Viele Menschen brachten die große Hoffnung in eine solche praktische Bewegung gewissenhafter Gelehrter zum Ausdruck. Für Intellektuelle, die in unserer Gesellschaft die am höchsten geachtetste Gruppe bilden, die Führung darin zu übernehmen der Jugend in aller Welt beständige Werte zu vermitteln ist um nichts weniger wichtig, als Ihre Arbeit als Professor auf Ihrem Spezialgebiet. Ich denke es ist wichtig, dass Gelehrte aus aller Welt Gruppen bilden, die verschiedene Länder besuchen und umfassende Instruktionen geben. Ein Programm dieser Art wurde in Korea und in Japan bereits mit großem Erfolg durchgeführt.

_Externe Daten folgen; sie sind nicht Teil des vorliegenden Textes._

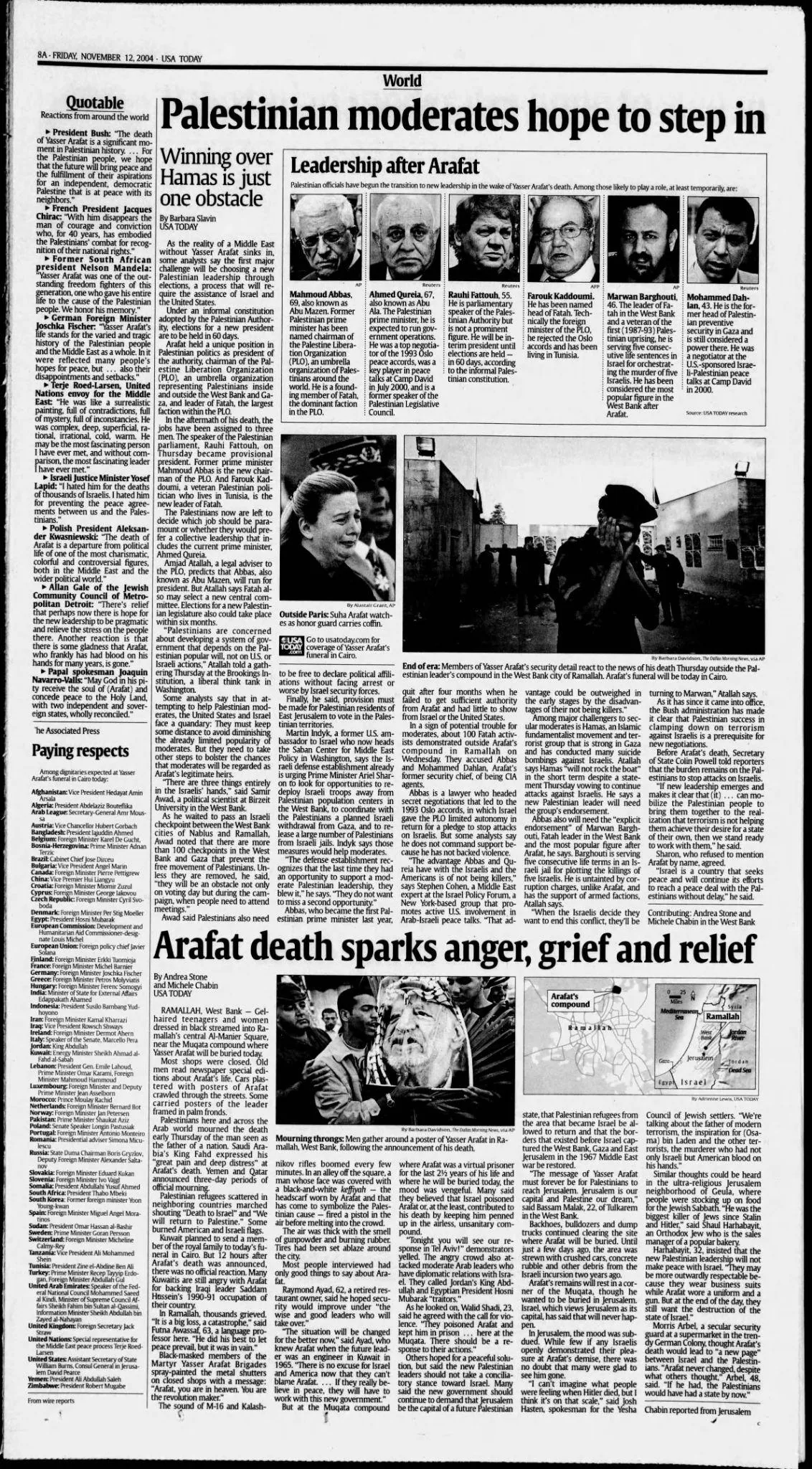 Palestinian moderates hope to step in &mdash; USA Today, 12 November 2004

Es besteht großer Bedarf für eine weltweite Teilnahme von Gelehrten in einer Bewegung, die der gegenwärtigen Welt eine neue Vision gibt, besonders jungen Menschen, um sie vor Drogen, Hedonismus, Gewalt und Krieg zu retten. Ich weiß, dass wir mit Ihrem Einfallsreichtum und Ihrer praktischen Erfahrung eine neue Weltkultur errichten können.

Lassen Sie mich zum Abschluss noch betonen, dass ich überzeugt bin, dass in dieser Konferenz in meinem Heimatland zahlreiche fruchtbare Diskussionen stattfinden und Beschlüsse gefasst werden. Ich bin stolz auf Korea, weil es in seiner langen und leidvollen Geschichte immer eine wunderbare Kulturtradition, insbesondere eine starke Familientradition, aufrechterhalten hat. Auch denke ich, dass sich Korea in hervorragender Weise aus der Asche aufeinander folgender Kriege zu einem angesehenen Wirtschaftsland entwickelt hat.